Broth Dilution Method for MIC: Macrodilution vs Microdilution, Procedure & Troubleshooting
Step-by-step broth macrodilution and microdilution procedure for MIC determination — antibiotic stock prep, 0.5 McFarland standardization, reading results, and a troubleshooting guide for the errors that actually happen at the bench.
The lowest concentration at which the isolate is completely inhibited (as evidenced by the absence of visible bacterial growth) is recorded as the minimal inhibitory concentration (MIC).
For how MIC relates to MBC and when each is clinically ordered, see MIC vs MBC.
Why This Matters
Most infections never need an MIC. A simple Susceptible/Resistant call from disc diffusion is enough to guide treatment, and that's deliberately how routine AST is designed — fast, cheap, categorical. MIC determination earns its place on the bench in narrower situations: a patient relapsing on therapy that should be working, an immunosuppressed patient where there's no margin for a "probably fine" answer, or a borderline result where the categorical call alone isn't precise enough to trust.

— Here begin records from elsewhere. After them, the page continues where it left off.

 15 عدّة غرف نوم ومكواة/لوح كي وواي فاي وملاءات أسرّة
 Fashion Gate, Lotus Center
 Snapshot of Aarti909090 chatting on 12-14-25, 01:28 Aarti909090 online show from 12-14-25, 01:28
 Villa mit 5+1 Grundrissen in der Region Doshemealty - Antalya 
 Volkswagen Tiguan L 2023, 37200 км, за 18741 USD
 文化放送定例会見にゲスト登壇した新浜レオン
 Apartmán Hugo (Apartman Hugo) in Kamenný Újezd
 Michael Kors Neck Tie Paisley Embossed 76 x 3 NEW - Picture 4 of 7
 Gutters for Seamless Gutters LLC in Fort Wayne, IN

The Borderline Vancomycin MIC: An MRSA isolate reported "Susceptible" by disc diffusion can still carry a vancomycin MIC of 2 μg/mL rather than 0.5 μg/mL — both technically fall in the susceptible range, but the higher end of that range is associated with worse clinical outcomes in MRSA bacteremia (a pattern often called "MIC creep"). A categorical report alone would look reassuring; the actual number tells a different story. This is exactly why MIC determination — not just disc diffusion — gets escalated for serious MRSA infections.
Dilution methods can be carried out in 2 ways; broth dilution and agar dilution.
Broth Dilution Method
Broth dilution testing allows providing both quantitative (MIC) and qualitative (category interpretation) results. MIC can help establish the level of resistance of a particular bacterial strain and can substantially affect the decision to use certain antimicrobial agents.

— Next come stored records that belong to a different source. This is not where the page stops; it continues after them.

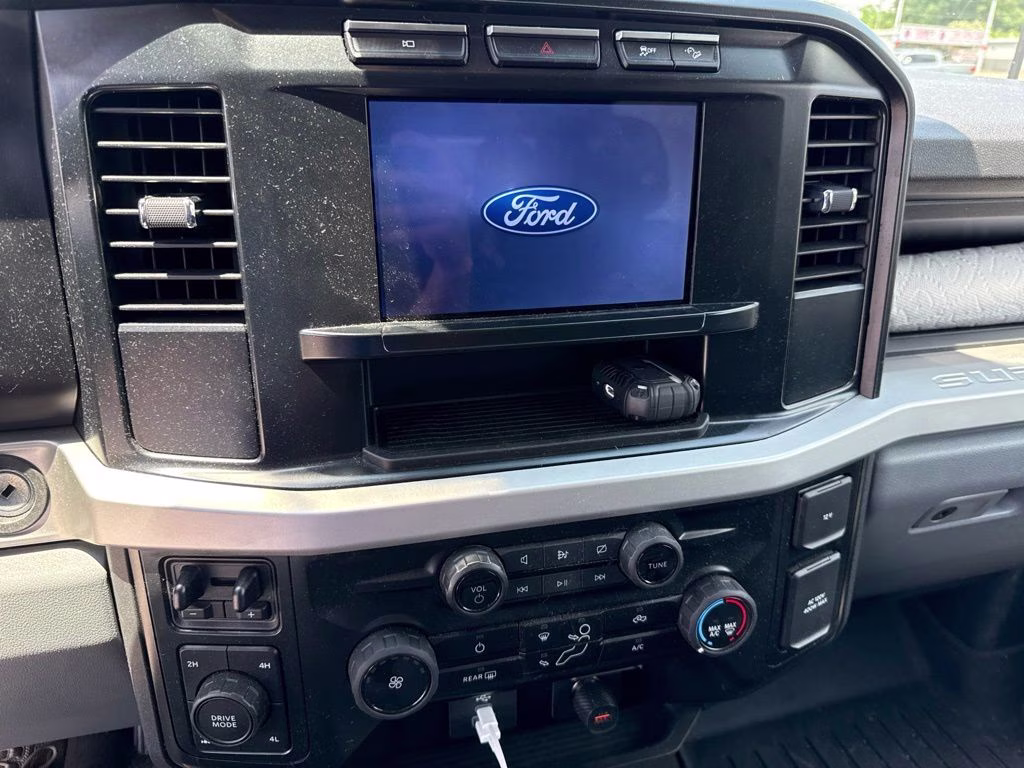 2024 Agate Black Metallic Ford Super Duty F-250 SRW XL 4X4 Truck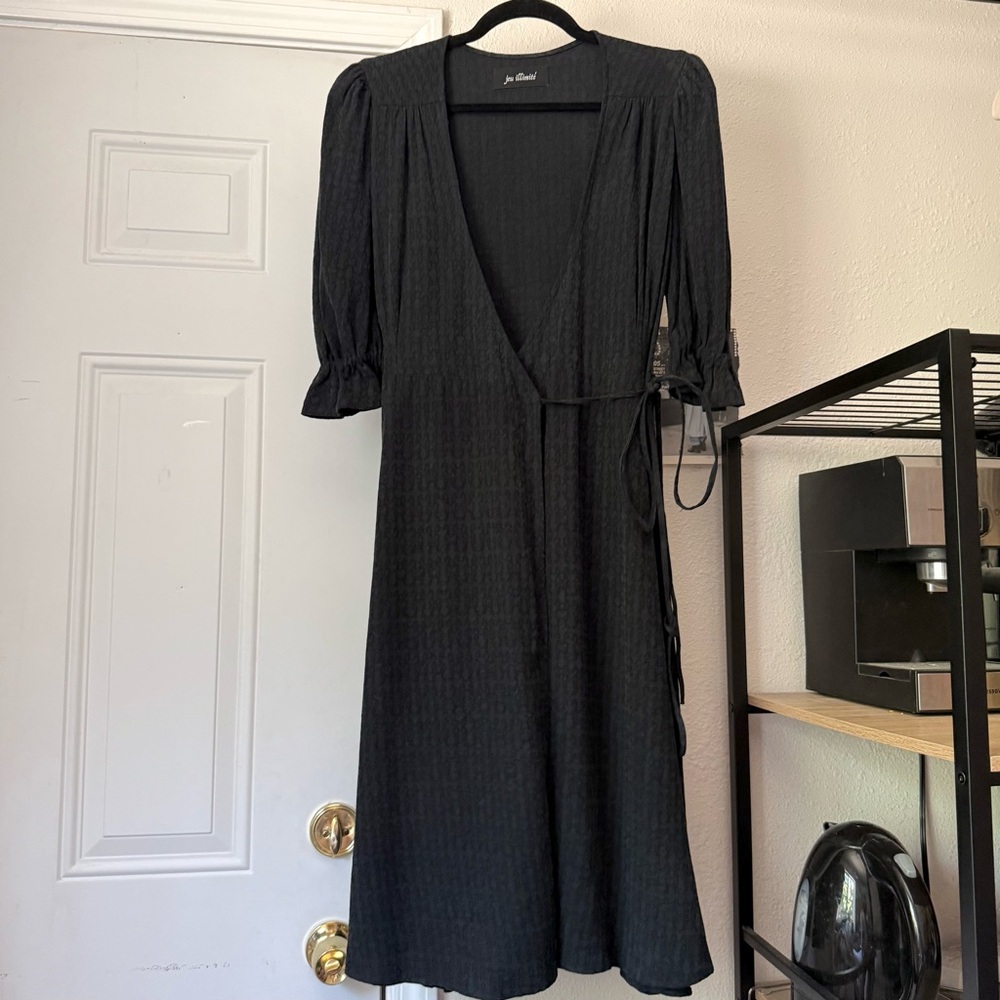 JEU ILLIMITE black textured puff short sleeve midi wrap dress
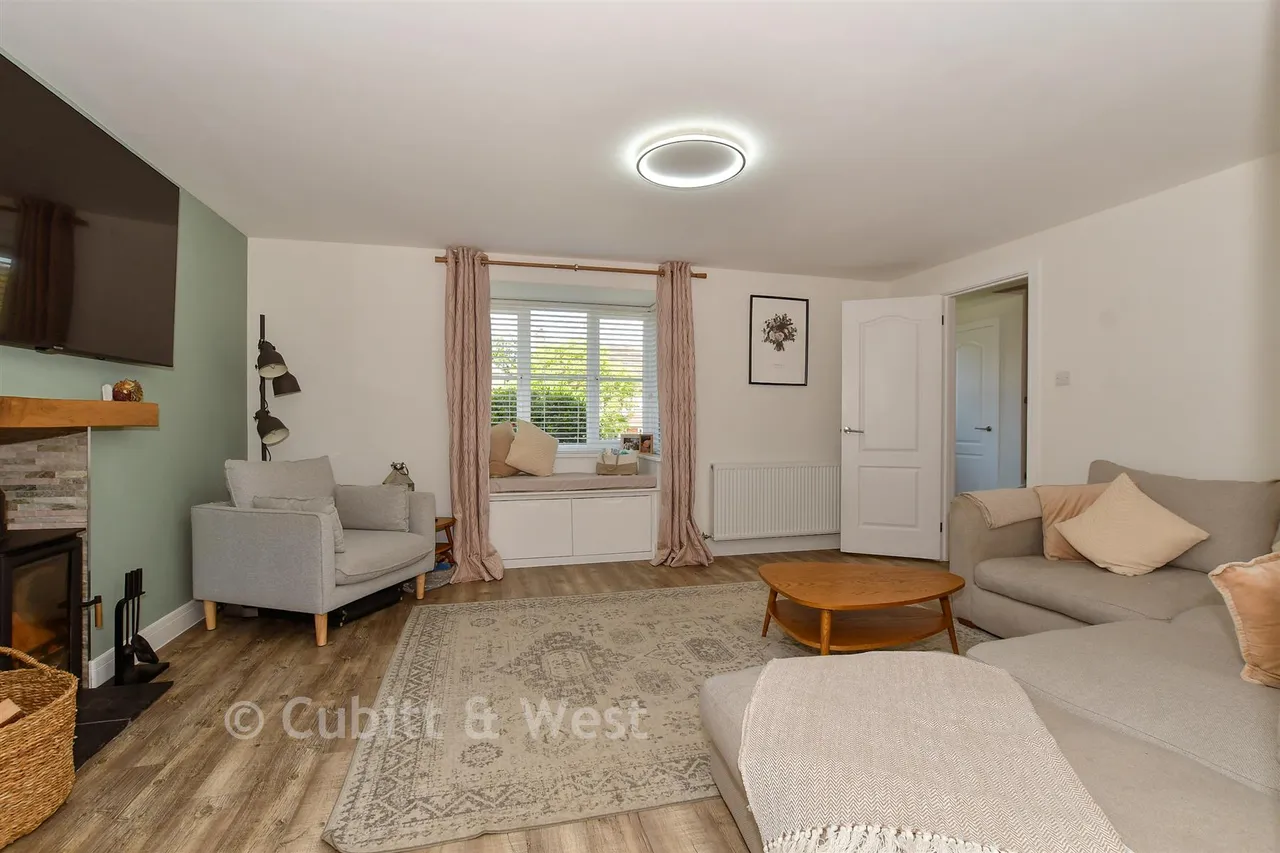 Rectory Close, Ashington, RH20, photo 2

Broth dilution can again be performed in 2 ways.
- Macro dilution: Uses broth volume of 1 ml in standard test tubes.
- Microdilution: Uses about 0.05 to 0.1 ml total broth volume and can be performed in a microtiter plate or tray.
| Macrodilution | Microdilution | |
|---|---|---|
| Broth volume | 1 mL per tube | 0.05–0.1 mL per well |
| Format | Standard test tubes | 96-well microtiter tray |
| Typical setting | Reference/research testing, small batches | Routine clinical labs, high throughput |
| Reading method | Visual turbidity | Visual, or automated (Vitek 2, MicroScan, BD Phoenix) |
| Underlying principle | Identical to microdilution — differs only in scale | Identical to macrodilution |
The procedure for macro and microdilution is the same except for the volume of the broth. MIC of an antibiotic using the broth dilution method is determined by using the following procedure
- Preparation of antibiotic stock solution
- Preparation of antibiotic dilution range
- Preparation of agar dilution plates
- Preparation of inoculum
- Inoculation
- Incubation
- Reading and interpreting results
Preparation of antibiotic stock solution
Antibiotic stock solution can be prepared by commercially available antimicrobial powders (with given potency). The amount needed and the diluents in which it can be dissolved can be calculated by using either of the following formulas to determine the amount of antimicrobial powder (1) or diluent (2) needed for a standard solution:
Figure: microdilution formula
Prepare antimicrobial agent stock solutions at concentrations of at least 1000 μg/mL (example: 1280 μg/mL) or 10 times the highest concentration to be tested, whichever is greater.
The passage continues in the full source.